**WORK REQUEST**
Repeat every record below exactly, omitting any pictures.

----

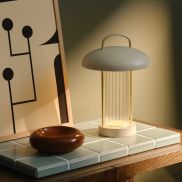 Nordlux Mirano - draagbare tafellamp met oplaadbare batterij - Ø 20 x 29 cm - 3 stappen Moodmaker functie - 3W LED incl. - beige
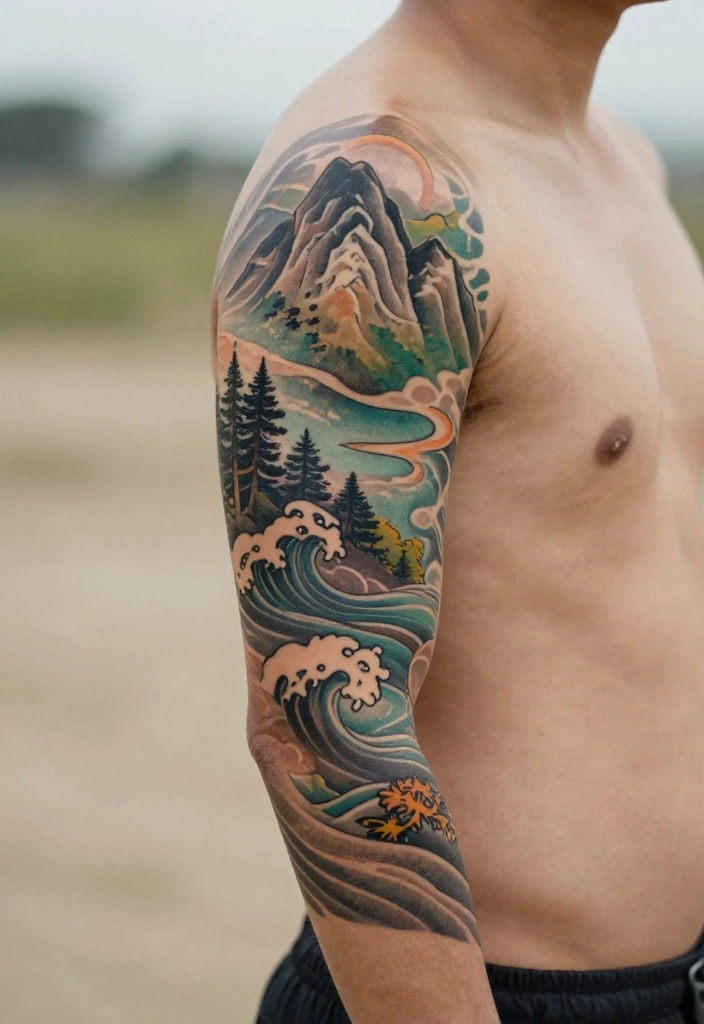 15 Upper Arm Half Sleeve Tattoo Ideas for Men Bold and Clean 12 15 Upper Arm Half Sleeve Tattoo Ideas for Men Bold and Clean 2. Nature Inspired Designs 0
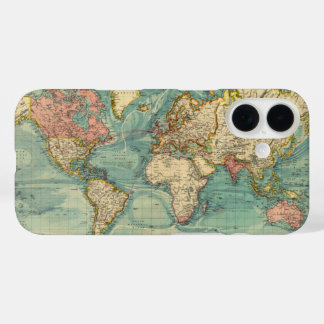 Coque Pour iPhone 16 Carte du monde vintage
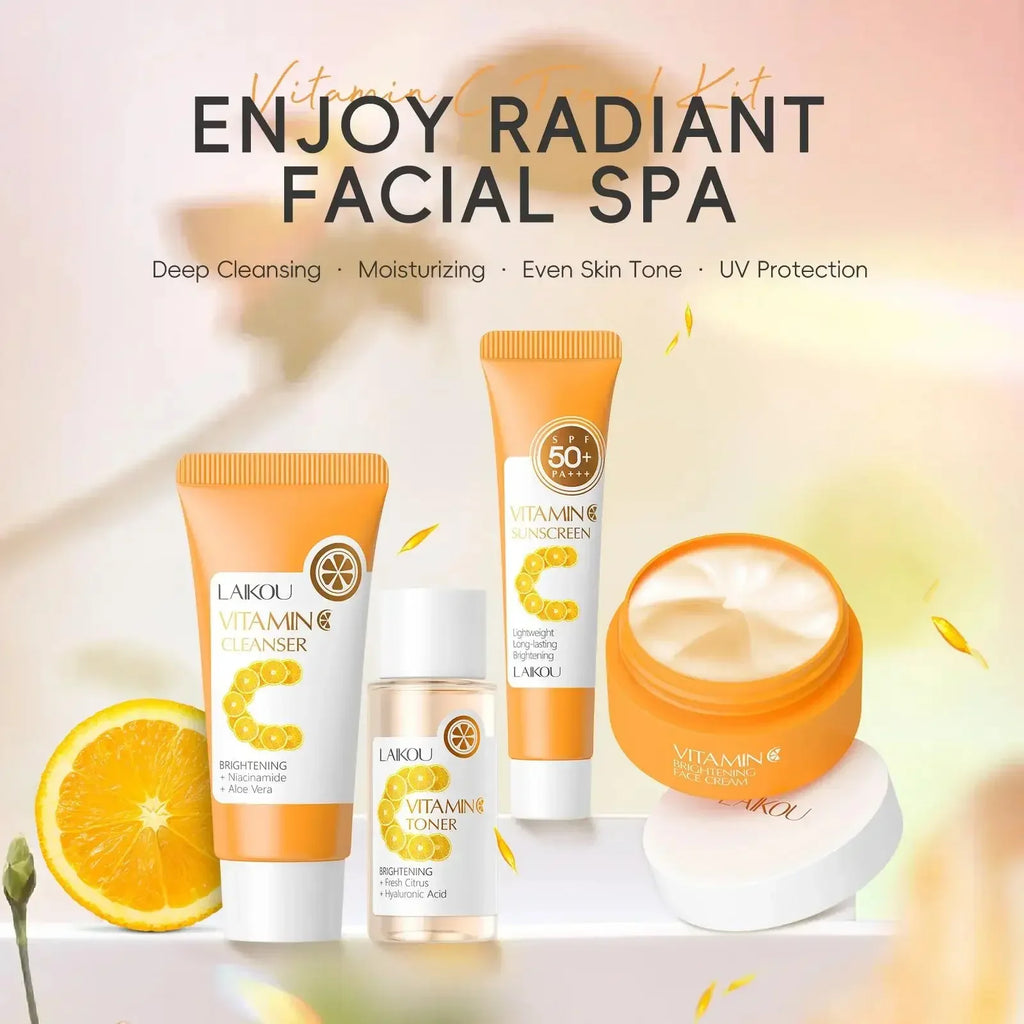LAIKOU Vitamin C 4-Piece Travel Skincare Set | SPF50+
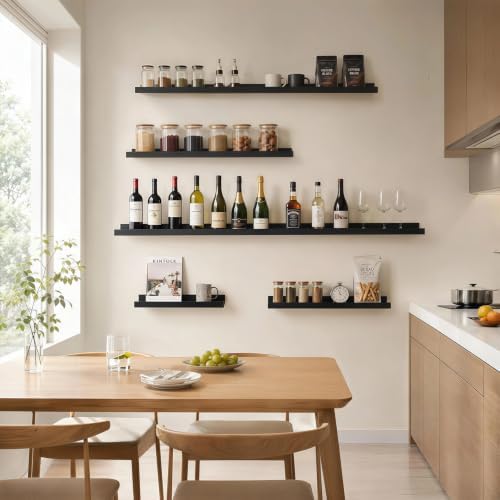 72inch Long Floating Shelves for Wall Decor, 3-Set Shelves with Lip, Black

----

**EXERCISE RESULT**
 Nordlux Mirano - draagbare tafellamp met oplaadbare batterij - Ø 20 x 29 cm - 3 stappen Moodmaker functie - 3W LED incl. - beige
 15 Upper Arm Half Sleeve Tattoo Ideas for Men Bold and Clean 12 15 Upper Arm Half Sleeve Tattoo Ideas for Men Bold and Clean 2. Nature Inspired Designs 0
 Coque Pour iPhone 16 Carte du monde vintage
LAIKOU Vitamin C 4-Piece Travel Skincare Set | SPF50+
 72inch Long Floating Shelves for Wall Decor, 3-Set Shelves with Lip, Black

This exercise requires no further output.